# Ross, Chandler & Joey :-)



## Emily&Ria (Sep 19, 2012)

So myself and my girlfriend have been debating about having some pet rats for a while but we decided once we saw these 3 beautiful boys! They're 8 weeks old and all brothers. (L-R) Chandler (striped and spotted back), Ross (striped back) & Joey (pure bluey/grey). We're new to rats so I'm quite sure we'll be on here with our lads bugging you all with advice & such  Chandler is the brave adventurous one, Ross is the very chilled laid back one and Joey is the nosey one  They are all of bluey/grey colouring and are all very friendly & tame. All together its a pleasure to have them and a pleasure to be on here so, HIYA


----------



## LightningWolf (Jun 8, 2012)

They are adorable.They look like blues or Russian blues. Though from the pictures they look like blue agoutis. From what you said sounds like chandler is a vareigated or just a poor hooded. Ross is a hooded, and Joey is a self.


----------



## Keelyrawr (Mar 7, 2012)

Adorableeee <3 Love the Friends names


----------



## Tabitha drake (Aug 25, 2012)

My two boys are named Joey and chandler I loves friends and they were roomies sooo... But I did just get a hairless and I was thinking Ross, but he looked like an old man so I named him Norman


Sent from my iPhone using PG Free


----------



## Babs (Jan 26, 2012)

Ahaha, love the names! I called my dog after Ross from Friends  Gorgeous little boys, too. Dumbo ears <3


----------



## IOVERATS (Aug 25, 2012)

Only one word can sum these little critters up- ADORABLE! 

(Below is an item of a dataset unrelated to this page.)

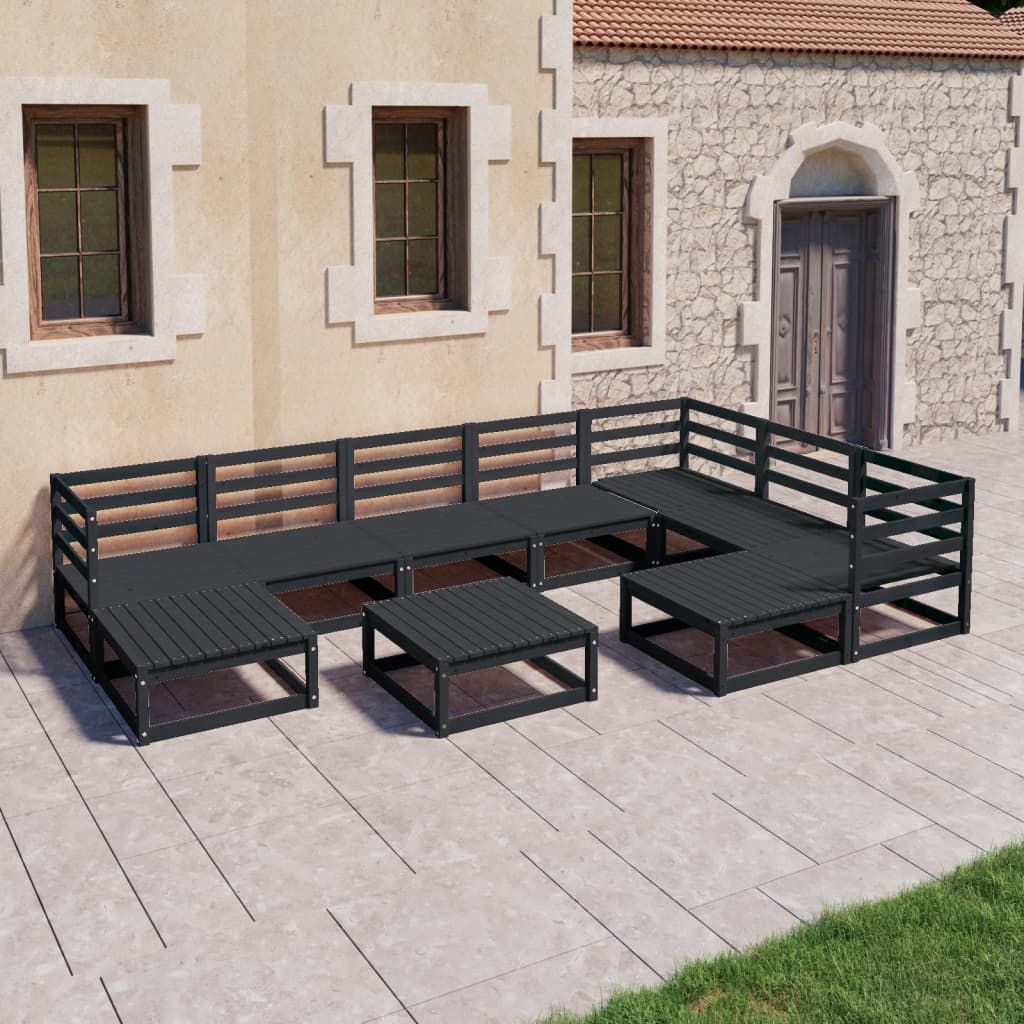 Set mobilier relaxare de grădină 10 piese negru lemn masiv pin - Lando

A wise t-shirt once said 'my rats think your gross too!' directed at all you rat haters out there!


----------



## Rat-1- (Jul 22, 2012)

Wow some one likes friends


----------



## Rodents=Love256 (Aug 26, 2012)

Clever names  They are all absolutely adorable! This is a great site for tips and advice, enjoy!


----------



## Eden10 (Aug 11, 2012)

WOW beautiful ratties!!! I love the blue color ;D


----------